━━━ INFORMATION SHOWN ━━━
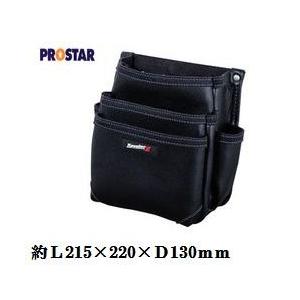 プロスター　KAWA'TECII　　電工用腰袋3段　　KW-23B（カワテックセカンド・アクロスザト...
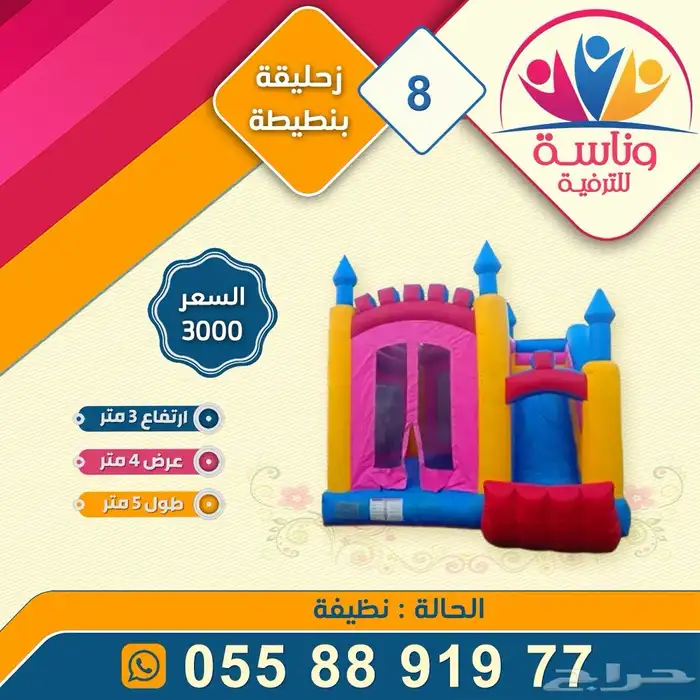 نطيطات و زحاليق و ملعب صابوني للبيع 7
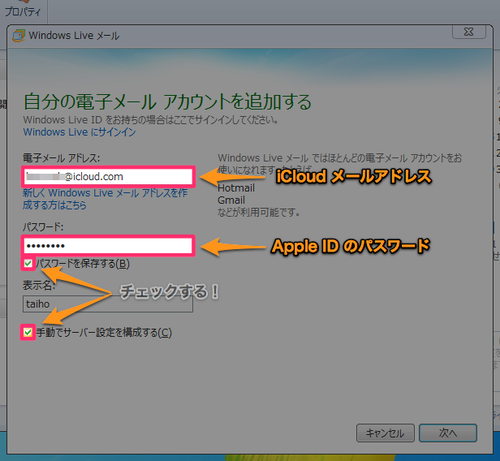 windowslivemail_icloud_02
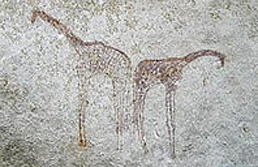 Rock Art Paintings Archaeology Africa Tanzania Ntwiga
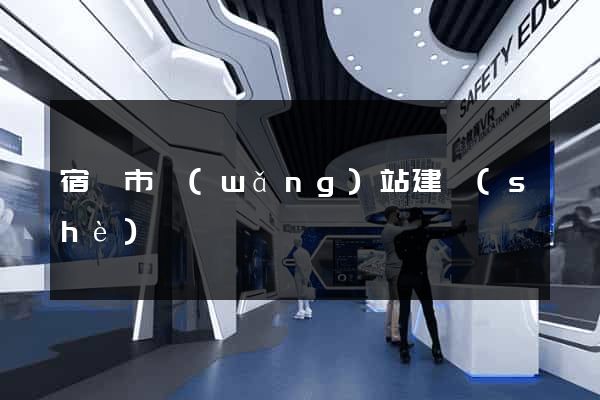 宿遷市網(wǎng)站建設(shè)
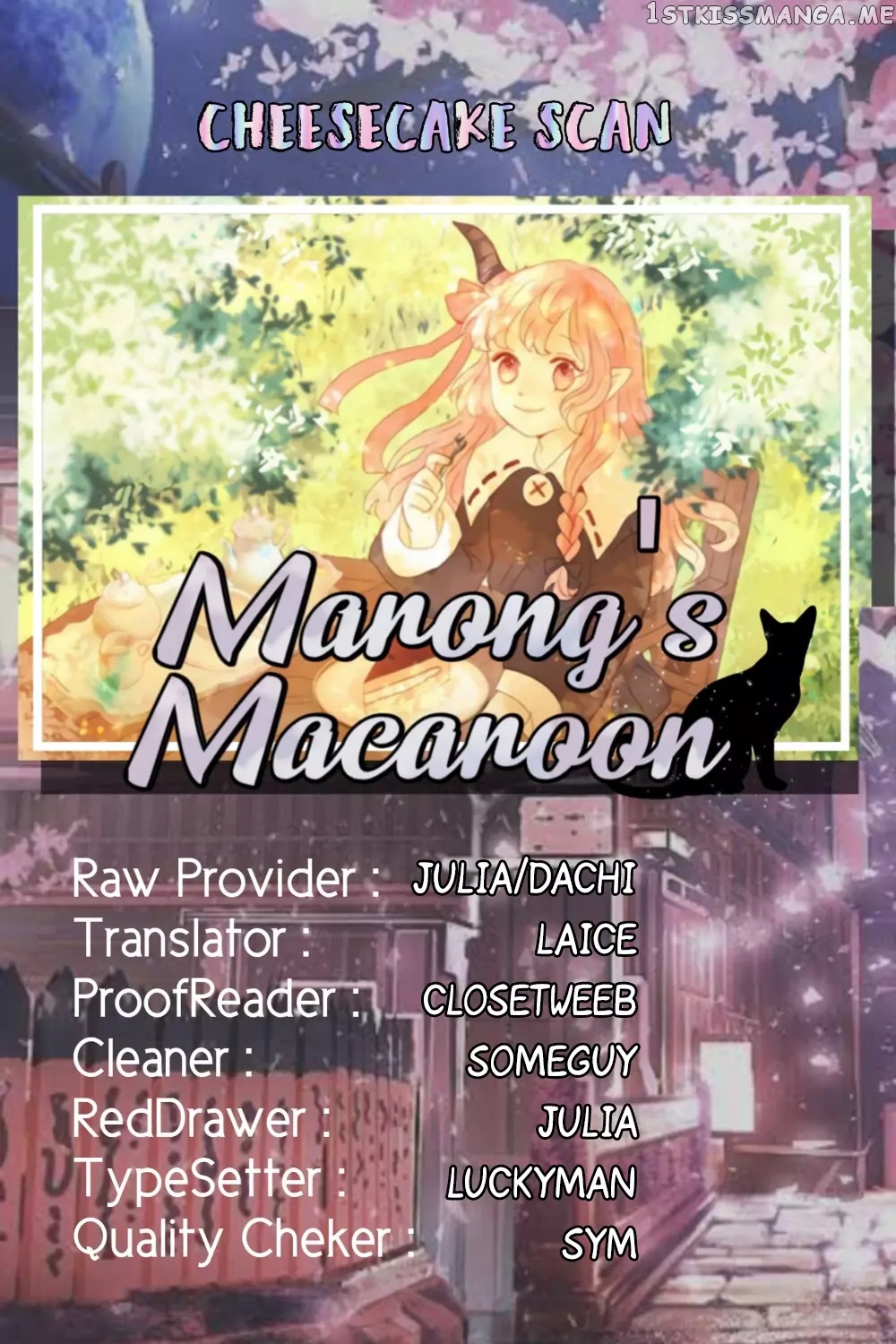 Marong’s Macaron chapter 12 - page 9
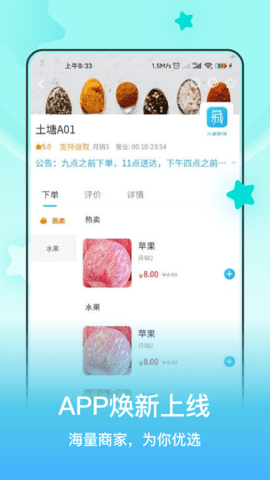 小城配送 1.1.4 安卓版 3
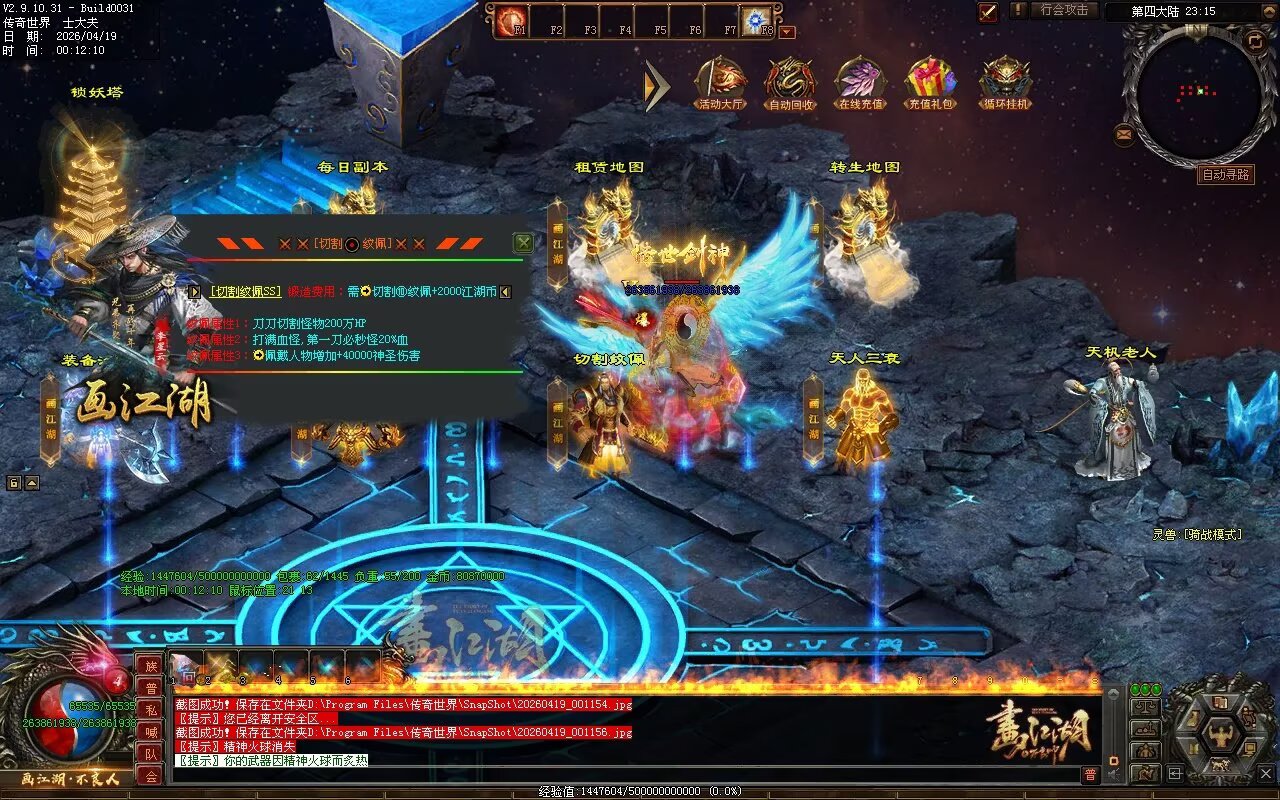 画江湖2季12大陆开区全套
━━━
EXERCISE -
Copy all the material above exactly, but skip each image.

OUTPUT OF THE TASK -
 プロスター　KAWA'TECII　　電工用腰袋3段　　KW-23B（カワテックセカンド・アクロスザト...
 نطيطات و زحاليق و ملعب صابوني للبيع 7
 windowslivemail_icloud_02
 Rock Art Paintings Archaeology Africa Tanzania Ntwiga
 宿遷市網(wǎng)站建設(shè)
 Marong’s Macaron chapter 12 - page 9
 小城配送 1.1.4 安卓版 3
 画江湖2季12大陆开区全套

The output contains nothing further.